Swaziland was indirectly involved in the Second Boer War. The beginning of the conflict found it administrated by the South African Republic, with the colonial headquarters set at Bremersdorp. In September, 1899, with war considered imminent, the colonists started evacuating the area. Ngwane V of Swaziland (Bhunu) was informed that the area would be left in his care during the absence of the white residents. The Swaziland Police under Sergeant Opperman started practicing for war while issuing rifles and ammunition to remaining burghers.

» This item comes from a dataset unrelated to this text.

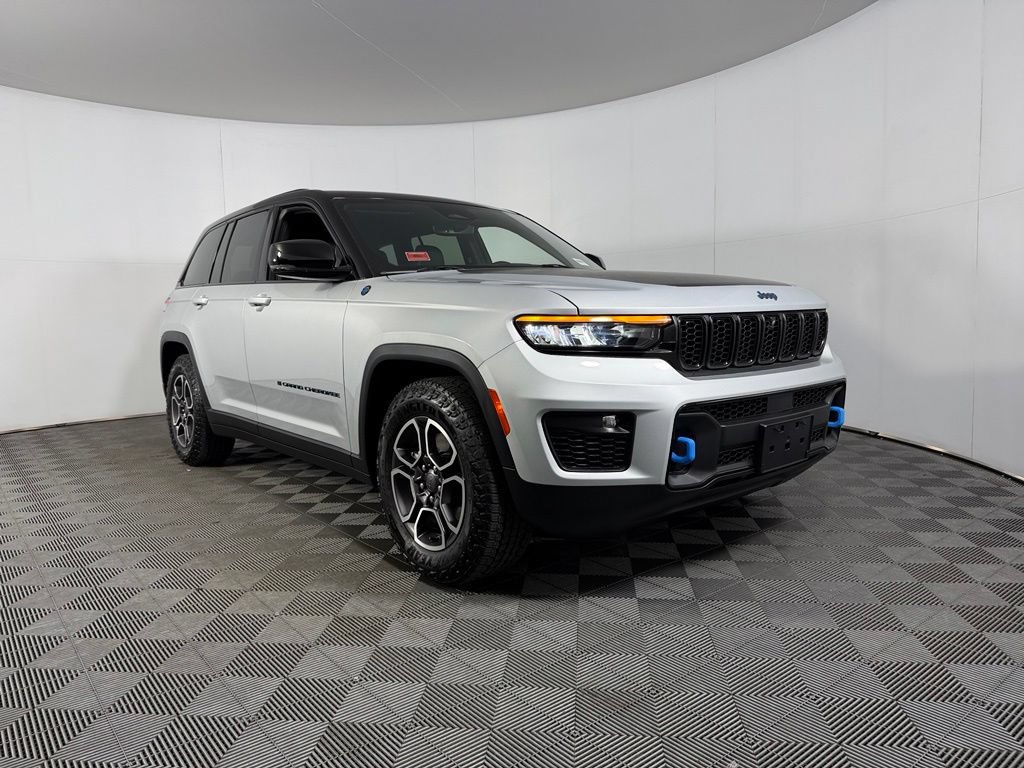 Used 2023 Jeep Grand Cherokee Trailhawk AWD/4WD image 4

On October 4, 1899, Special Commissioner Krogh issued an official notice of evacuation for “all white inhabitants” with the exception of burghers eligible for active service. Most of the British subjects were escorted towards the border with Mozambique, women and other South African civilians were left heading for various destinations. People with dual nationality were still subject to the draft, though unwilling to fight against their own people. Several of them escaped towards Mozambique or the Colony of Natal.

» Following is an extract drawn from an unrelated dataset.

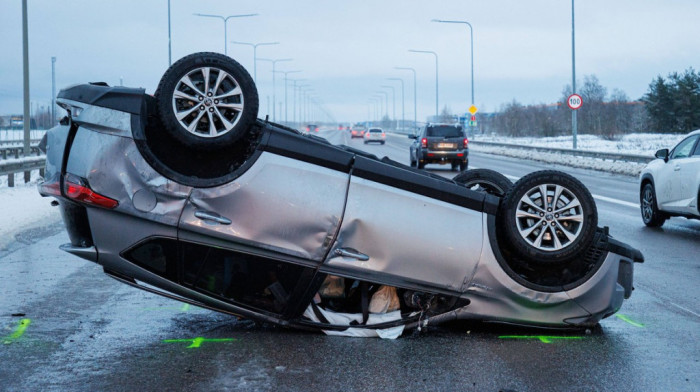 Teške saobraćajne nesreće u Hrvatskoj: Dve osobe stradale, automobil se prevrnuo na krov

It was not long before skirmishes involved the Swaziland forces. On October 28, 1899, the newly formed Swaziland Commando unit moved against a British police post at Kwaliweni. The South African unit counted about 200 burghers, while the outpost only had 20 men. Bhunu managed to warn the police post of the approaching attack. The police retreated towards Ingwavuma, seat of a magistrate. The Commandos burned the abandoned post and a nearby shop to the ground. Joaquim Ferreira led them towards Ingwavuma. The village was not better guarded and had to also be evacuated. The Swaziland Commando burned it to the ground, while the magistrate and his people escaped to Nongoma.

The Swazi people had been warned by Piet Joubert to remain calm and not involve themselves in the conflict. Bhunu instead found himself unrestricted from colonial authorities for the first time. He soon felt free to settle old scores with political enemies. News of the violent deaths of diplomat Mnkonkoni Kunene and several others in time reached the Boer forces involved in the Siege of Ladysmith. Several of the dead had close ties to the colonial authorities. Joubert had to assure worried commanders that Swaziland was not turning against them. Indeed, spies reported that Bhunu feared he had been bewitched. He was striking against whomever he suspected of the deed. On December 10, 1899, Bhunu died due to a serious illness. He had blamed it on sorcery, though contemporaries suspect it was alcohol-induced. His mother Labotsibeni Mdluli became regent. She set about eliminating the surviving advisers and favorites of Bhunu.

Swazi regiments were roaming the country during the internal conflicts. The South African authorities were worried that the violence could expand towards the south-western border of Swaziland, where Boer farms were cultivated by women and children. They had the farms evacuated and the population transferred to Piet Retief. The farmers from Piet Retief, Wakkerstroom and their vicinities had made a practice of trekking their ship into Swaziland for winter grazing. In January 1900, Francis William Reitz, the State Secretary of the South African Republic, started issuing orders discouraging any sheep-herders from entering Swaziland. On April 18, 1900, any such entry was forbidden. The Swaziland Commando were by that point far from their initial home base, fighting along the Tugela River.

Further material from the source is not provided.